Right for the wrong reasons
A few years back I was on the phone with an acquaintance who is as far to the right politically as I am to the left. At the time the Democratic-led Senate was trying to push through the Affordable Care Act. So he asked me what I thought about the initiative. It turns out we both disapproved.
I explained that I’m for a single-payer solution and that the ACA (now either derisively or proudly called “Obamacare”) would introduce a system that forces citizens to become customers of insurance companies. And since they had dropped the public option from the legislation, I couldn’t support it.
He said he was against it because it’s “socialized medicine.” It isn’t. Sometimes people can agree on something for entirely different reasons. Sometimes you can be right for the wrong reasons.

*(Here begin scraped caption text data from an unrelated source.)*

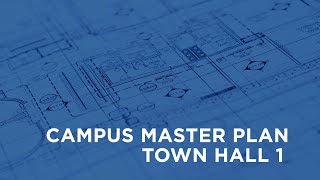 Campus Master Plan Town Hall 1 | February 25, 2024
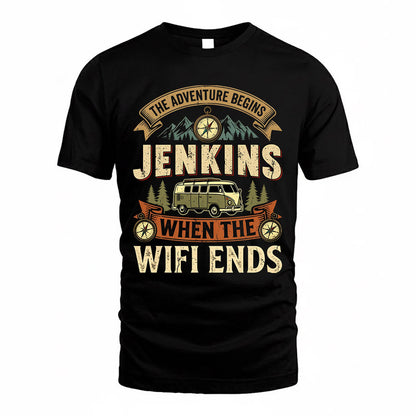 JENKINS TT898-K6-229 – Personalized Funny Camping Quote Apparel “The Adventure Begins When The WiFi Ends”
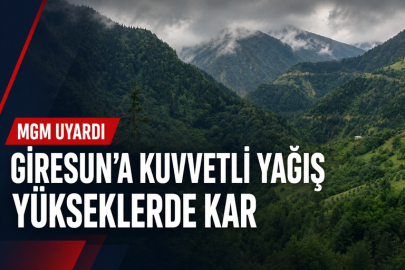 GİRESUN’A KUVVETLİ YAĞIŞ VE YÜKSEK KESİMLER İÇİN KAR UYARISI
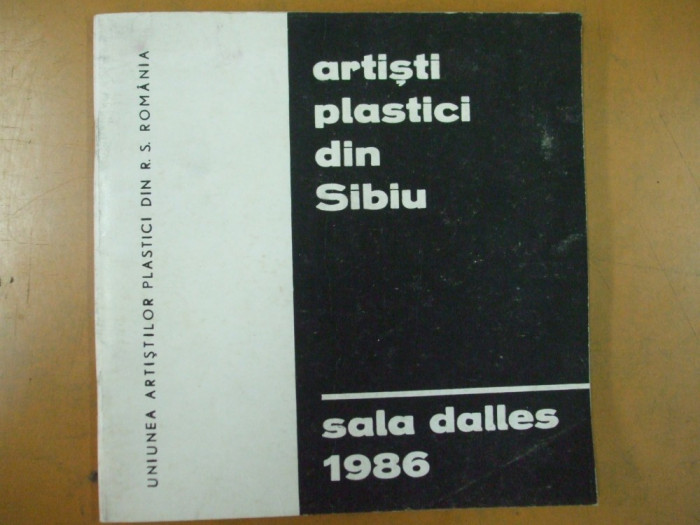 Artisti plastici din Sibiu catalog expozitie Bucuresti 1986 Sala Dalles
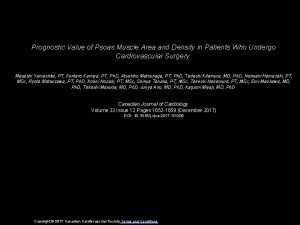 Prognostic Value of Psoas Muscle Area and Density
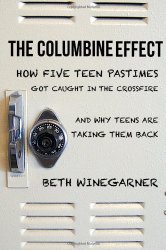 The Columbine Effect, by Beth Winegarner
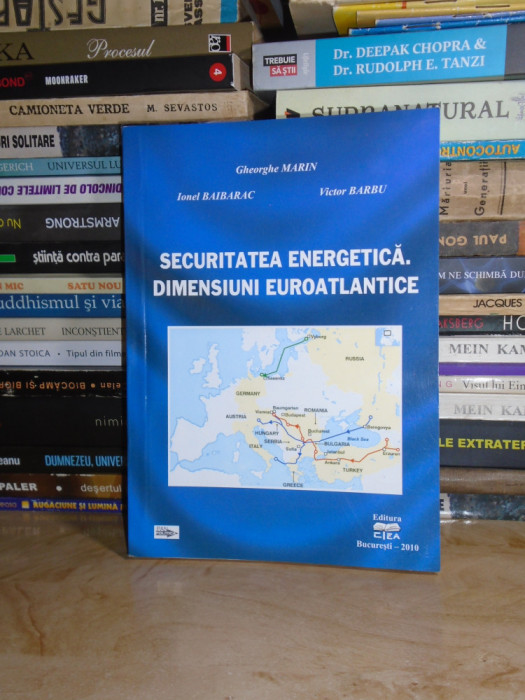 GH. MARIN - SECURITATEA ENERGETICA.DIMENSIUNI EUROATLANTICE , 2010 , AUTOGRAFE #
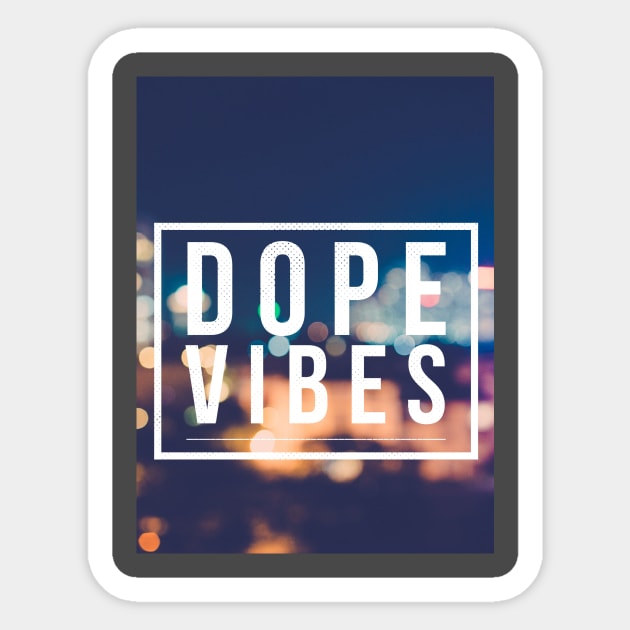 Dope Vibes Tee Sticker by Six Gatsby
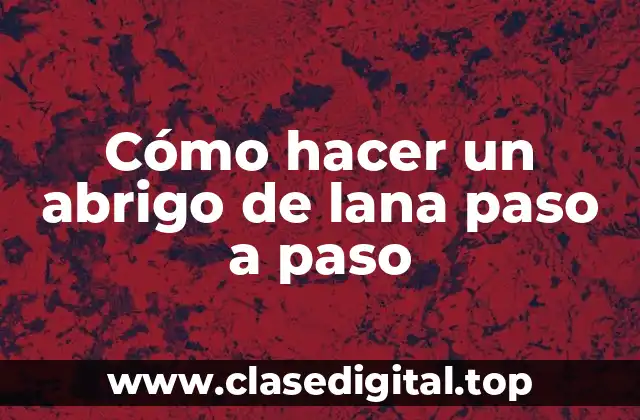 Cómo hacer un abrigo de lana paso a paso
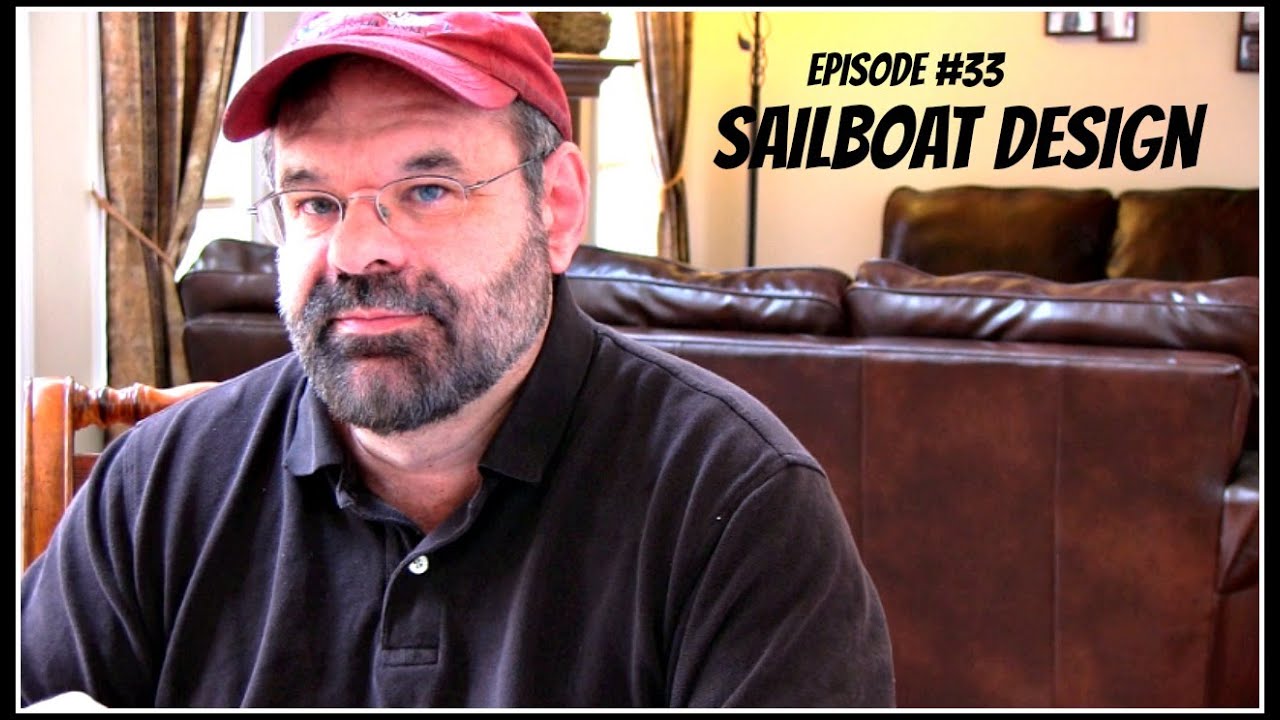 Episode #33 Sailboat Design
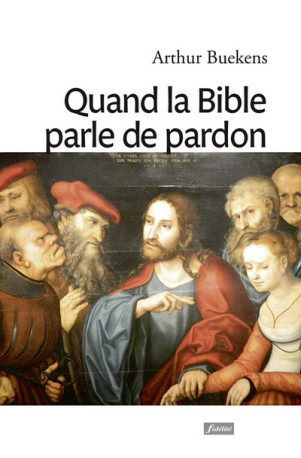 Quand la bible parle de pardon - Arthur Buekens - FIDELITE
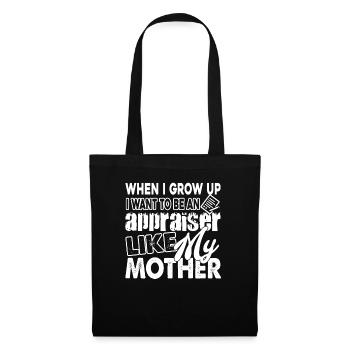 Appraiser Appraiser Like My Mother - Tote Bag - black - Front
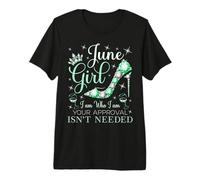 June Girl I Am Who I Am Your Approval is Not Needed Maglietta Premium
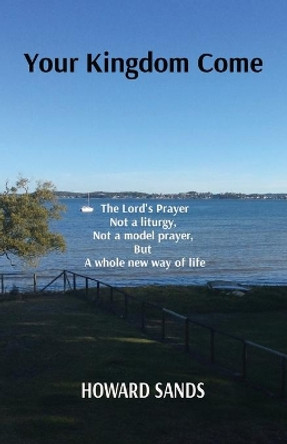 Your Kingdom Come: The Lord's Prayer, not a liturgy, not a model prayer, but a whole new way of life. by Sands 9780645324501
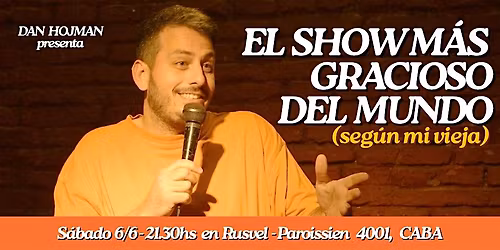El show m\u00e1s gracioso del mundo (seg\u00fan mi vieja) - Stand Up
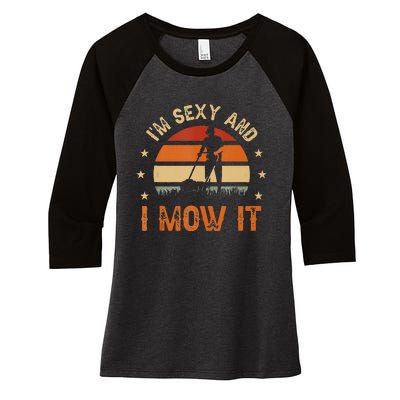 Im Sexy And I Mow It For A Ladscape Architect Landscaping Women's Tri-Blend 3/4-Sleeve Raglan Shirt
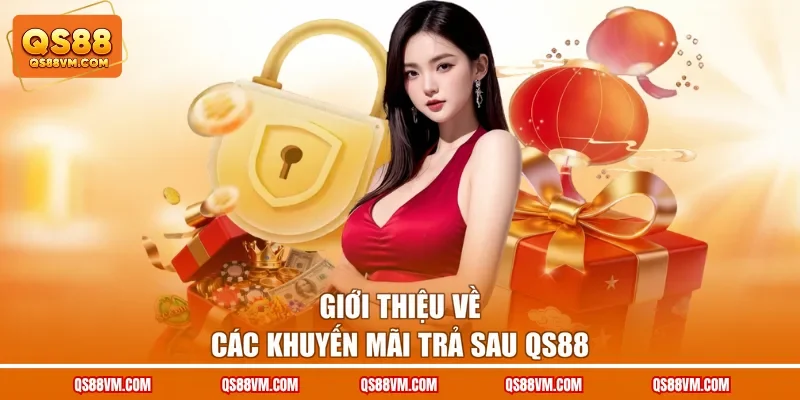 Giới thiệu về các khuyến mãi trả sau QS88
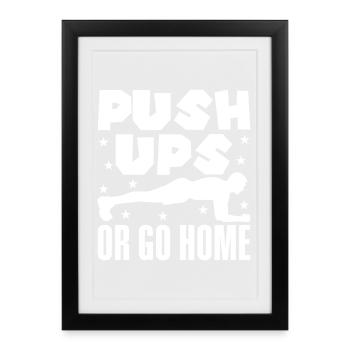 Gym Junkies Push Ups Or Go Home Calisthenics - Framed poster (27 × 37 cm) - black - Front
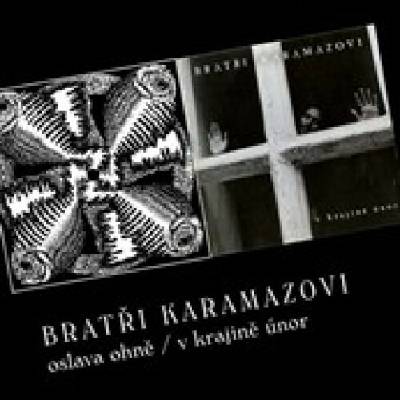 Bratři Karamazovi - Oslava ohně V krajině únor CD
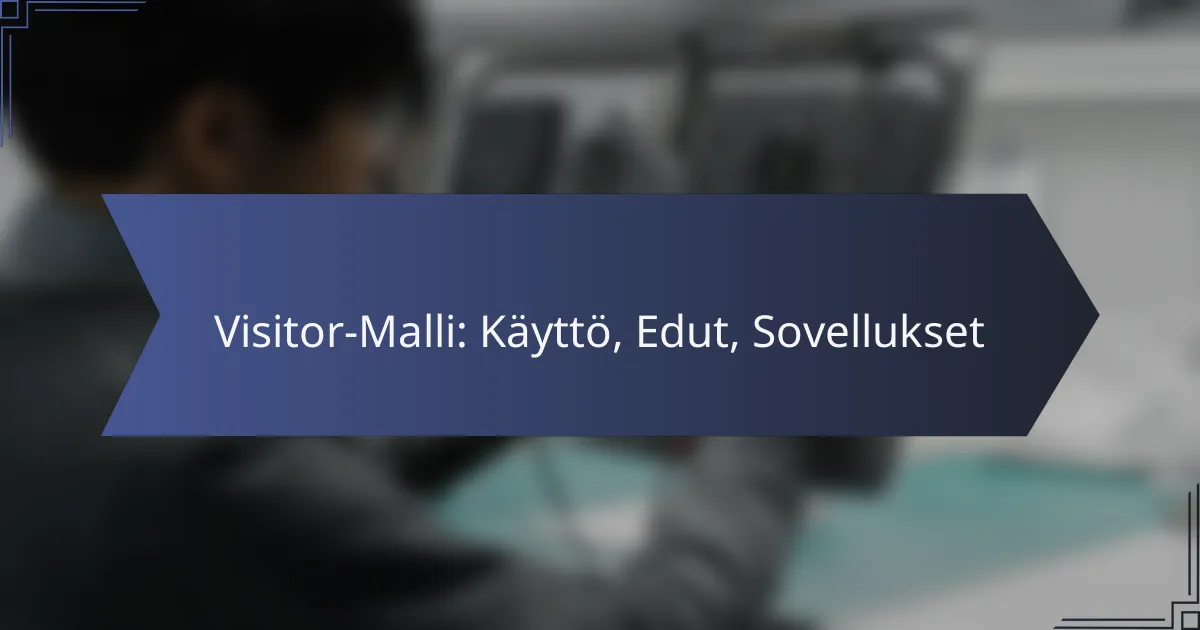 Visitor-Malli: Käyttö, Edut, Sovellukset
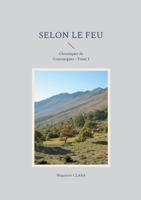 Selon le feu: Chroniques de Couraurgues - Tome 1 (French Edition) 2322477982 Book Cover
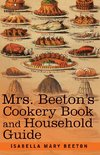 Mrs. Beeton's Cookery Book and Household Guide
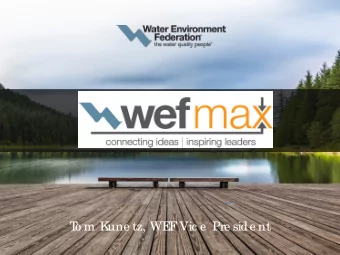 T  o m K  une tz, WE  F  Vic e  Pre side nt  WE ARE T  HE WAT  ER Q UALIT  Y PEO PLE  A COMMUNI  T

As I told my brother when he pleaded with me not to vote for Obama because he’s a Marxist! — “You disapprove of Obama because you think he’s a socialist; I disapprove of him because I know he isn’t.”
I was thinking of those conversations the other day when I looked at my notes for Raphael Rodríquez’s “The Embarrassing Truth about Jesus: The Criterion of Embarrassment and the Failure of Historical Authenticity” (in Jesus, Criteria, and the Demise of Authenticity). On the last page I had scribbled in frustration: “Rodríquez: Right for the wrong reasons.”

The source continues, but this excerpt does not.